Enhancing Neural Networks with Multi-Axis Query Sparsity
Introduction to N:M Sparsity
Deep convolutional neural networks (CNNs) have made tremendous strides in various computer vision tasks. Yet, their widespread deployment is often hampered by high memory and computational demands, which are particularly challenging for mobile or edge devices. Network sparsity has emerged as an effective solution to this problem by offering memory and computation savings. Even among the sparse network techniques, the N:M sparsity pattern has drawn increased interest because of its ability to balance performance and latency effectively. N:M sparsity involves keeping only N out of every M consecutive weights within the network, promoting a fine-grained structure of sparsity.
Despite its promise, previous methods for implementing N:M sparsity didn't fully exploit the relative importance of different weights within the neural network blocks, leading to sub-optimal performance.
MaxQ: A Multi-Axis Query Approach
The paper introduces a Multi-Axis Query methodology, named MaxQ, designed to address the limitations of prior N:M sparsity implementations. Unlike earlier methods that considered weights within N:M blocks independently, MaxQ can assess the importance of weights across multiple axes to identify more significant connections within a network.
MaxQ operates dynamically, generating 'soft' N:M masks throughout the training process.
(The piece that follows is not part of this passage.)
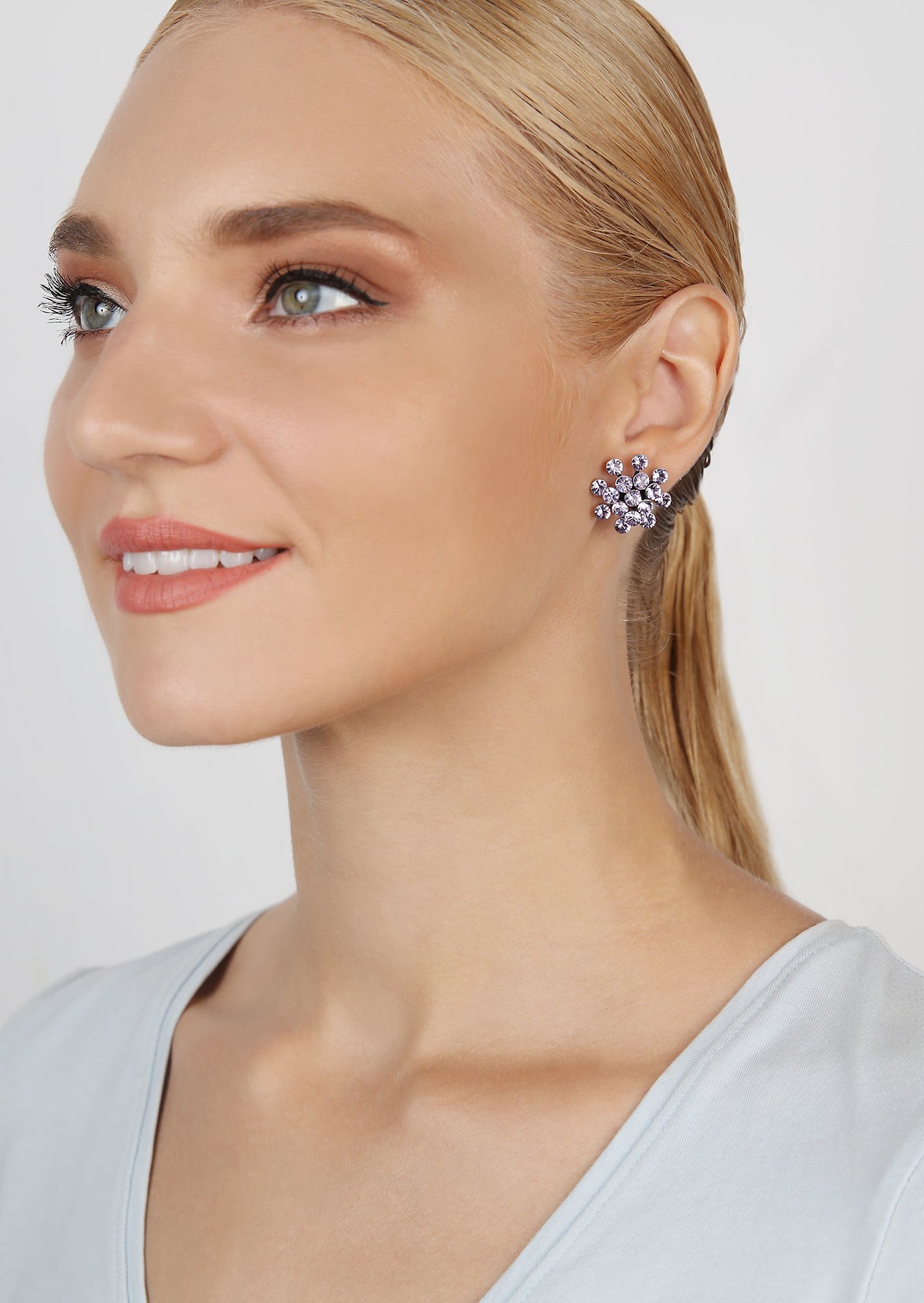 image for Earring Stud Magic Fireball Lila violet Classic Size (21mm Ø)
These masks highlight and prioritize the alignment of weight updates to the more significant weights, ensuring that crucial connective weights are not undervalued. A particularly innovative aspect of MaxQ is its sparsity strategy: gradually increasing the proportion of weight blocks adhering to the N:M sparsity pattern as the training progresses. This incremental approach lets the network gradually recover from the impact of initial pruning, leading to more stable and efficient training.
During runtime, these soft N:M masks can be precomputed and folded into the weights, posing no additional computational strain nor disrupting the sparse pattern during inference.
Comprehensive Evaluation
The effectiveness of MaxQ was put to the test across different CNN architectures and sparsity patterns. Enhancements were consistent, with substantial improvements particularly notable in heavyweight CNN architectures like ResNet. For example, MaxQ managed to push a 1:16 sparse ResNet50 model to a top-1 accuracy of 74.6% on ImageNet, improving upon the prior best by 2.8%.
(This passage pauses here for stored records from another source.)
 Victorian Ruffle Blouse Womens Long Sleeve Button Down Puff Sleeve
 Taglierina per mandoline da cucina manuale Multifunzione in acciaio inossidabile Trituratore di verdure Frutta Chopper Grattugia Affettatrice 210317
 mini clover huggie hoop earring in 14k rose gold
Moreover, MaxQ's multi-axis soft masking approach also proved to be beneficial for downstream tasks beyond image classification, such as object detection and instance segmentation, even matching the performance of non-sparse baseline models.
Advantages and Practical Implications
MaxQ is not solely about achieving high compression in neural networks. Importantly, the method's flexibility is underscored as it is applied to varying N:M sparse patterns without significant modifications. Additionally, MaxQ networks can be implemented directly during training without reliance on iterative pre-training or fine-tuning stages that previous methods required, simplifying the process.
Finally, MaxQ shows surprising compatibility with quantization methods, even outperforming some predecessors. When combined with its ability to maintain the N:M sparsity structure, MaxQ represents a leap forward in optimizing networks for deployment on resource-constrained devices.
Conclusion
The Multi-Axis Query technique presents an interpretable, effective, and efficient means of exploiting N:M sparsity within CNNs. Its dynamic query-based mask generation and the progressive adaptation of sparsity throughout training lead to neural networks that retain high performance while meeting stringent resource constraints. MaxQ's demonstration across various computer vision tasks and CNN architectures may set a standard for future sparsity-based network optimizations.